Monday, October 12, 2009

Dam Will Block Migratory Fish on Southern Mekong Which Would Lead to Massive Food Shortage

While I am in the Mekong River Basin, I have decided to research hydroelectric dams on the Mekong River and the possible Don Sahong dam, which would be built on the Laos - Cambodia border near the Khone Falls area. The dam would provide electricity to the majority of southern Laos and the remainder then sold to Thailand.

The problem is that the dam could threaten food security of millions of people in Laos, Cambodia, Vietnam, and Thailand. An August report by Dr.

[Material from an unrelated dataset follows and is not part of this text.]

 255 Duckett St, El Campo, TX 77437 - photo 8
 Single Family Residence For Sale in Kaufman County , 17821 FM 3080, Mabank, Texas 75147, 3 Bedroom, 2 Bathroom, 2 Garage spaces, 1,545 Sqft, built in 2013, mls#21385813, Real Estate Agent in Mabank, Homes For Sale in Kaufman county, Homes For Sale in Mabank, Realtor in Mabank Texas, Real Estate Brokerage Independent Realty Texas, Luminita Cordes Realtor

Ian G. Baird, an affiliate of the Polis Project on Ecological Governance at the University of Victoria, Canada, and a leading expert on fisheries in the Khone Falls area of Southern Laos, shows that the Don Sahong Dam would block the migration of many important commercial fish species that pass through the Khone Falls area throughout the year.

The paper states that “fisheries losses in the Mekong region from the Don Sahong Dam could negatively impact the nutritional status of hundreds of thousands or even millions of people dependent on these fisheries, thus decreasing the health of a large human population, especially in parts of Laos, Cambodia and Thailand where nutritional standards are already low.”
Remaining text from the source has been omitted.